Apparent magnitude (V)8.4[4]
TypeSA(s)bc pec[2]
Size23.58 kpc (76,900 ly)
(diameter; 25.0 mag/arcsec2 B-band isophote)[2][5]
Apparent size (V)11.2 × 6.9[2]
Notable featuresInteracting with NGC 5195[6]
Other designations
Question Mark Galaxy,[2] Rosse's Galaxy,[2] M51a,[2] NGC 5194,[2] UGC 8493,[2] PGC 47404,[2] VV 001a,[2] VV 403,[2] Arp 85,[2] GC 3572[2]

The Whirlpool Galaxy, also known as Messier 51a (M51a) or NGC 5194, is an interacting grand-design spiral galaxy with a Seyfert 2 active galactic nucleus.[6][7][8] It lies in the constellation Canes Venatici, and was the first galaxy to be classified as a spiral galaxy.[9] It is 7.22 megaparsecs (23.5 million light-years) away and 23.58 kiloparsecs (76,900 ly) in diameter.[2][10]

The galaxy and its companion, NGC 5195,[11] are easily observed by amateur astronomers, and the two galaxies may be seen with binoculars.[12] The Whirlpool Galaxy has been extensively observed by professional astronomers, who study it and its pair with NGC 5195 to understand galaxy structure (particularly structure associated with the spiral arms) and galaxy interactions.

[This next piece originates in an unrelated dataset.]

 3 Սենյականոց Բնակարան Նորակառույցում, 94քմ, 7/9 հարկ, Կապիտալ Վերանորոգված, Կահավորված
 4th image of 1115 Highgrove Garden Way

Its pair with NGC 5195 is among the most famous and relatively close interacting systems, and thus is a favorite subject of galaxy interaction models.


Sketch of M51 by Lord Rosse in 1845

What later became known as the Whirlpool Galaxy was discovered on October 13, 1773, by Charles Messier while hunting for objects that could confuse comet hunters, and was designated in Messier's catalogue as M51.[13] William Parsons, 3rd Earl of Rosse, employing a 72-inch (1.8 m) reflecting telescope at Birr Castle, Ireland, found that the Whirlpool possessed a spiral structure, the first "nebula" to be known to have one.[14] These "spiral nebulae" were not recognized as galaxies until Edwin Hubble was able to observe Cepheid variables in some of these spiral nebulae, which provided evidence that they were so far away that they must be entirely separate galaxies.[15]

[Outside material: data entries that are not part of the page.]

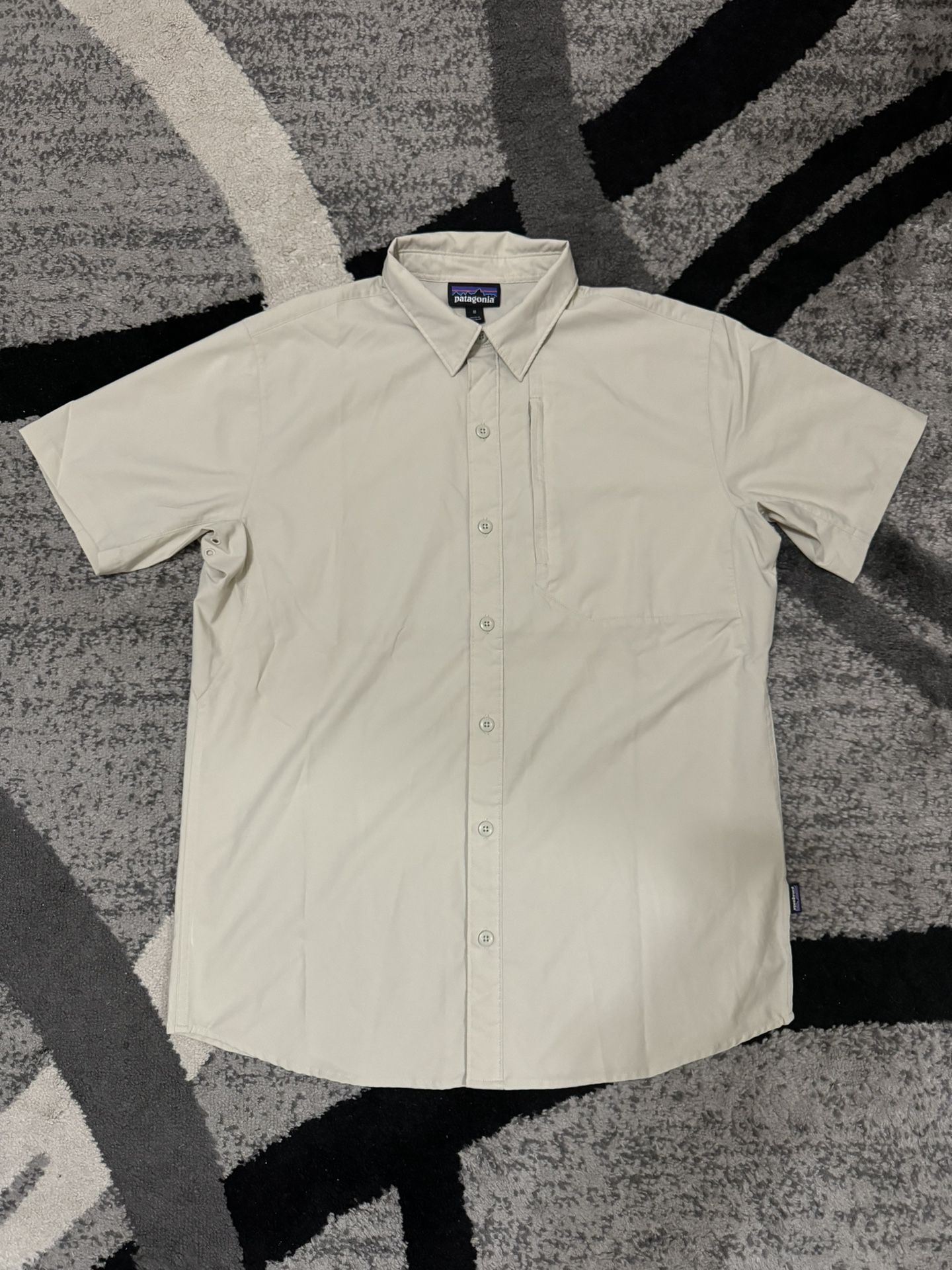 Patagonia Skiddore Short Sleeve Men’s Shirt Pelican Size Medium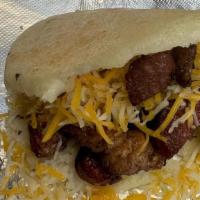 Parriarepa · Grilled chicken with longaniza, and cheese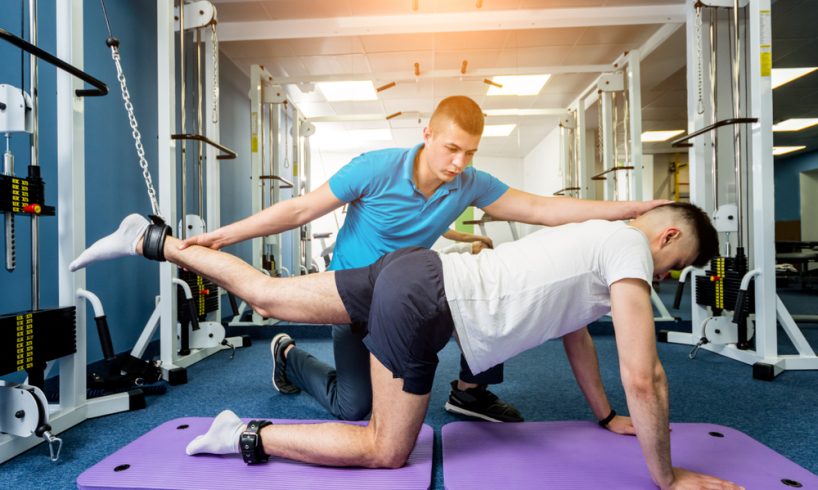 Imagine cu un centru medical modern dedicat reabilitării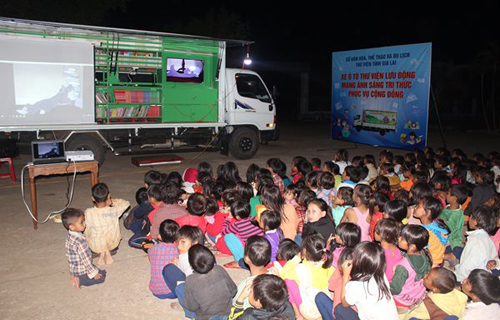 Tiếp tục “chở” ánh sáng tri thức về vùng sâu, vùng xa còn nhiều khó khăn
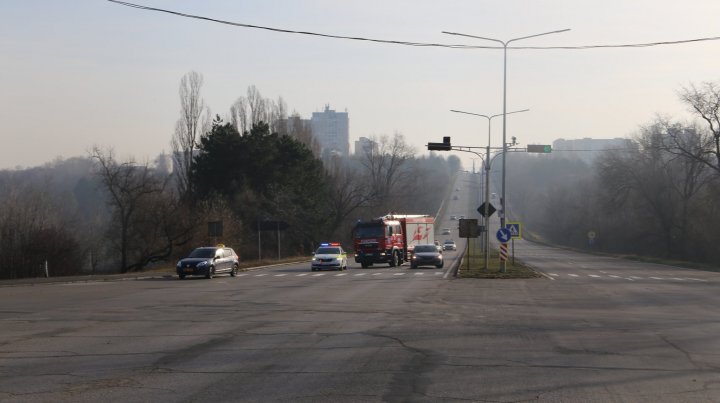 Motivul pentru care mai multe echipaje de intervenţie au circulat astăzi pe străzile din Capitală cu girofarul pornit (FOTO)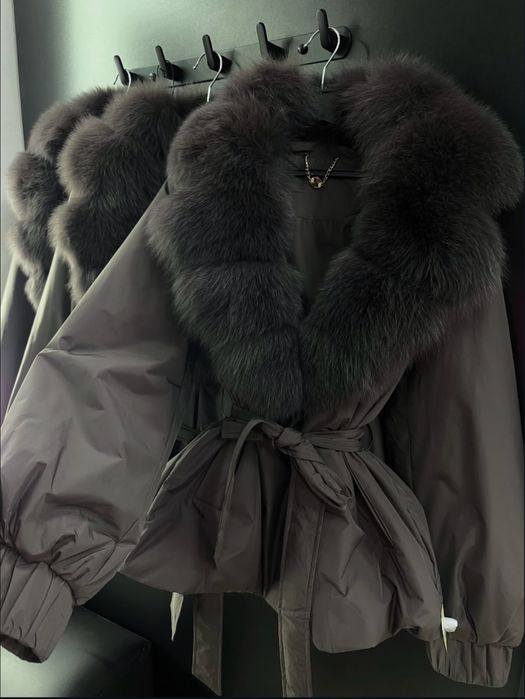 Пуховик з натуральним хутром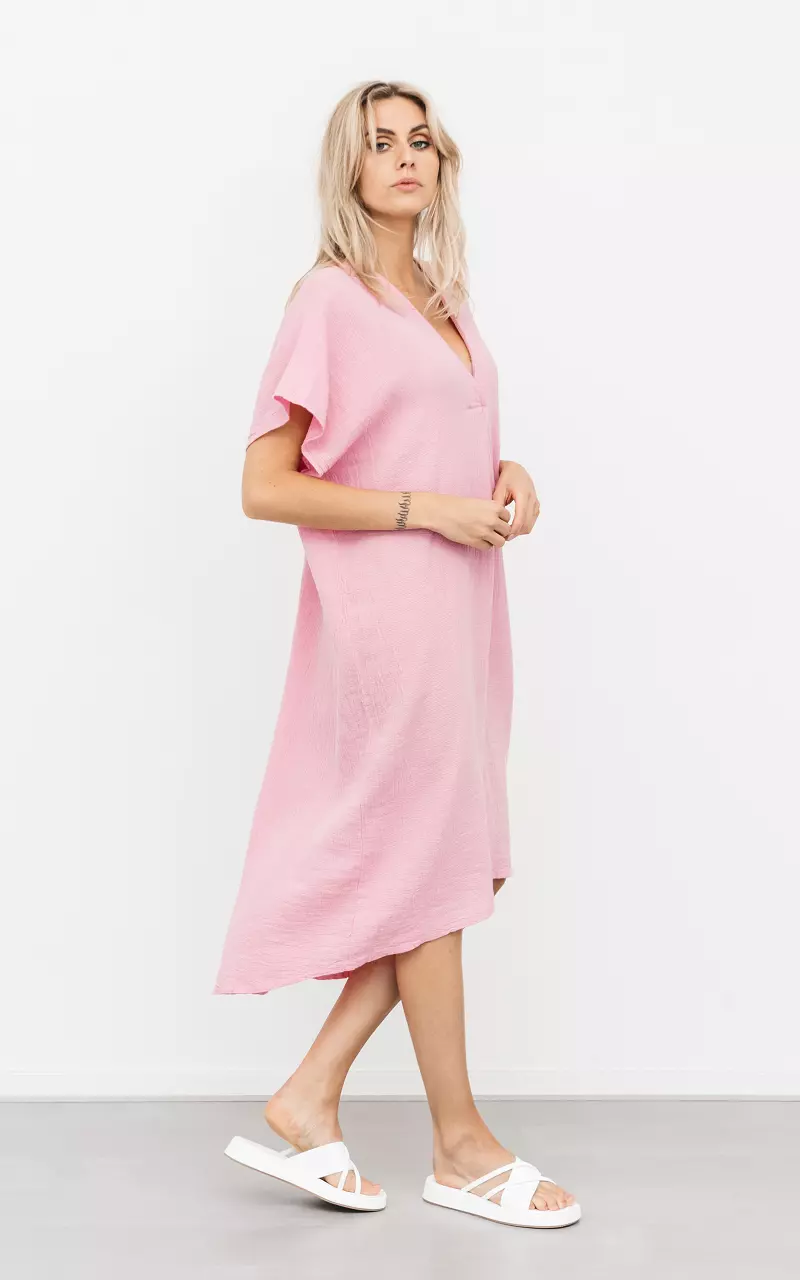 Lässiges Kleid mit V-Ausschnitt Pink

The advent of radio astronomy and subsequent radio images of M51 unequivocally demonstrated that the Whirlpool and its companion galaxy are indeed interacting. Sometimes the designation M51 is used to refer to the pair of galaxies, in which case the individual galaxies may be referred to as M51a (NGC 5194) and M51b (NGC 5195).

Visual appearance

The image of the Whirlpool Galaxy in visible light (left) and infrared light (right)

Deep in the constellation Canes Venatici, M51 is often found by finding the easternmost star of the Big Dipper, Alkaid, and going 3.5° southwest. Its declination is, rounded, +47°, making it circumpolar (never setting) for observers above the 43rd parallel north;[a] it reaches a high altitude throughout this hemisphere making it an accessible object from the early hours in November through to the end of May, after which observation is more coincidental in modest latitudes with the risen sun (due to the Sun approaching to and receding from its right ascension, specifically figuring in Gemini, just to the north).

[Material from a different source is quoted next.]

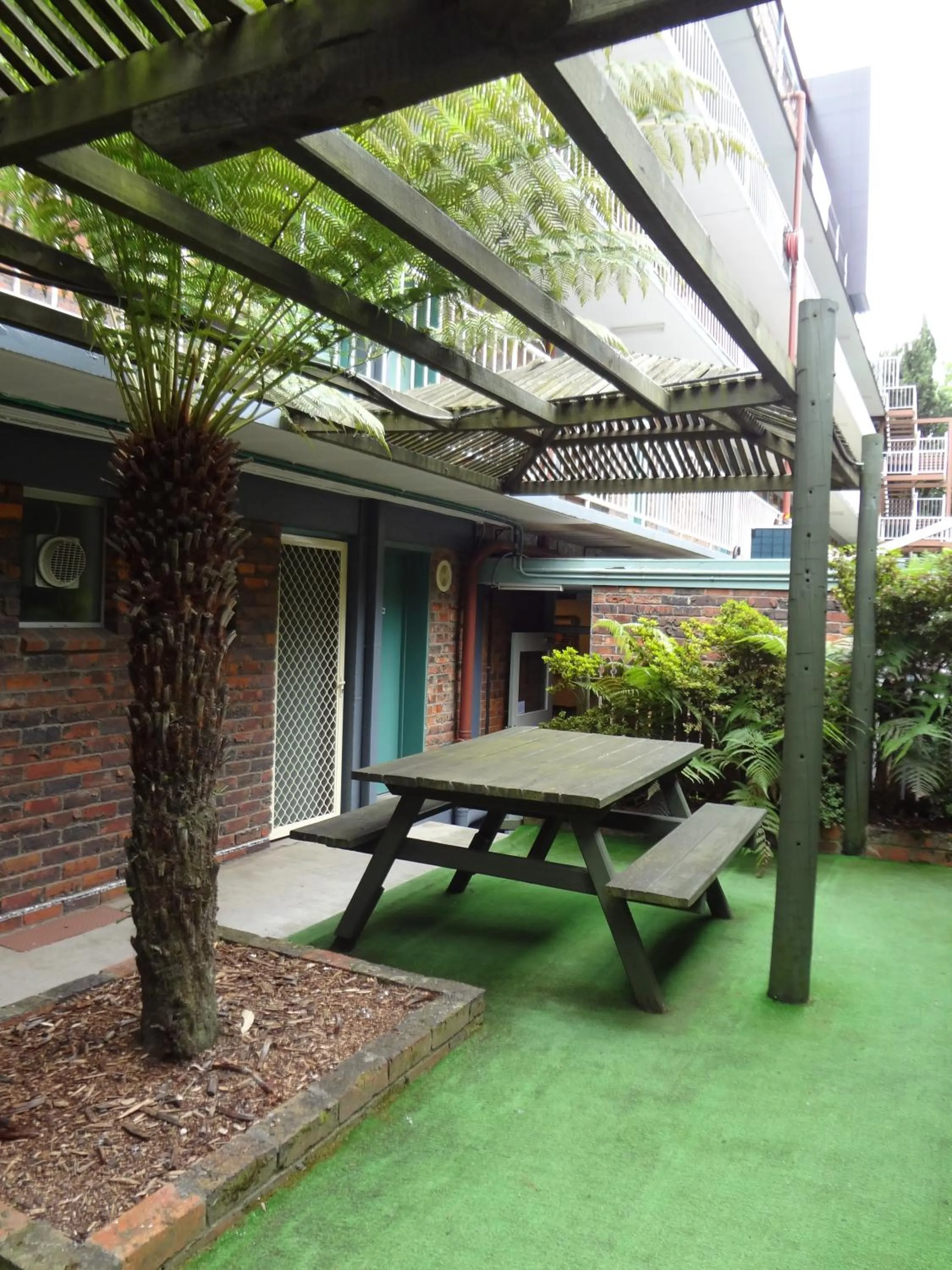 Garden in Adina Place Motel Apartments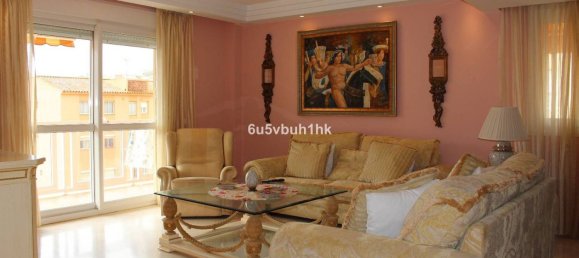 Apartamento de 3 dormitorios en San Luis de Sabinillas, Spain No. 150679 6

M51 is visible through binoculars under dark sky conditions, and it can be resolved in detail with modern amateur telescopes.[12] When seen through a 100 mm telescope the basic outlines of M51 (limited to 5×6') and its companion are visible. Under dark skies, and with a moderate eyepiece through a 150 mm telescope, M51's intrinsic spiral structure can be detected. With larger (>300 mm) instruments under dark sky conditions, the various spiral bands are apparent with HII regions visible, and M51 can be seen to be attached to M51B.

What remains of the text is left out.